Mesonはプログラミング言語としてC言語・C++・D言語・Objective-C・Objective-C++・Fortran・Java・C#・Vala・Rustに対応しており[5]、Wrapと呼ばれる依存関係を処理するためのメカニズムを持っている。
MesonはGNUコンパイラコレクション・Clang・Microsoft Visual Studioなどに対応している。
使用方法
Mesonは直接ソフトウェアをビルドするのではなく、LinuxではNinja、WindowsではMSBuild、macOSではXcodeのような低レベルなビルドシステム用のビルドファイルを生成する点でCMakeと似ている。Mesonによってビルドファイルを生成後、低レベルなビルドシステムによって実際のビルドを行う。Mesonはツリー外ビルドにのみ対応しているので、ビルドによる全ての生成物はビルド用のディレクトリに出力される。CMakeはデフォルトではmake用のビルドファイル (makefile) を生成するが、MesonはNinja用のビルドファイルを生成する。CMakeでNinja用のビルドファイルを生成する場合はcmake -G Ninja
を実行する。
言語
Mesonの設定ファイル (meson.build) はPythonに似た構文になっている。MesonをPython以外のプログラミング言語で再実装することができるようにするために[6]、Python自体とは異なる。

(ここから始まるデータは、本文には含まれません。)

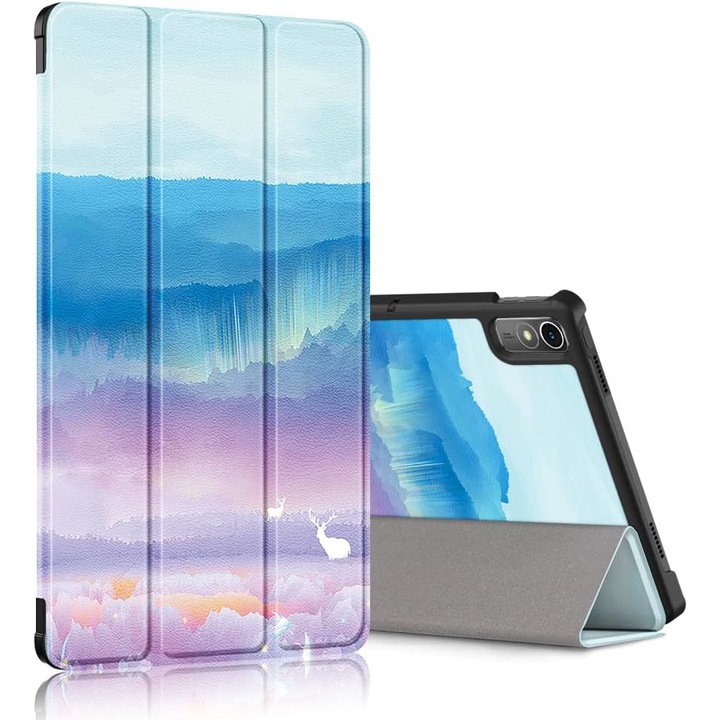 Sigloo vékony tok, Smart Cover, háromszoros, Lenovo Tab M8 HD Tablethez (4. generáció), 8 hüvelykes, Dream Deer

Mesonの設定ファイルは意図的にチューリング完全にならないように設計されているので、プログラムを記述することはできない[6]。その代わりに、Mesonが対応していないプログラミング言語でカスタムビルドターゲットを定義することができる。
Mesonの設定ファイルは強い型付けなので、ある組み込み型が別の組み込み型に暗黙的に変換されることはない[7]。特に、makefileとは異なり、リスト型は空白で文字列を分割することはない[8]。従って、ファイル名やコマンドライン引数に空白やその他の文字が含まれていても適切に処理される。
速度と正確さ
他の一般的なビルドシステムと同様に、正しい増分ビルドは高速なビルドのために最も重要な機能である。
素のMakeとは異なり、個々の設定段階において、コマンドライン引数・環境変数・コマンドの出力が次回のビルドでは部分的には適用されないことが保証されている。これは古いビルドに繋がる。
Ninjaのように、Mesonはソースファイルのグロブには非対応である[9]。全てのソースファイルをビルド定義ファイルにリストすることを要求することで、ビルド定義ファイルのタイムスタンプはソースファイルが変更されたかを判断するのに十分であり、これにより削除されたソースファイルを確実に検出することができる。CMakeはグロブに対応しているが、上記の理由からグロブを使用しないことを推奨している[10]。
Mesonはインストールされていればccacheを自動的に使用する。また、ABIに変更がない場合、共有ライブラリのシンボルテーブルへの変更を検出し、ライブラリに対する実行ファイルの再リンクをスキップする。プリコンパイル済みヘッダに対応しているが、設定が必要である。デバッグビルドはデフォルトでは最適化が行われない。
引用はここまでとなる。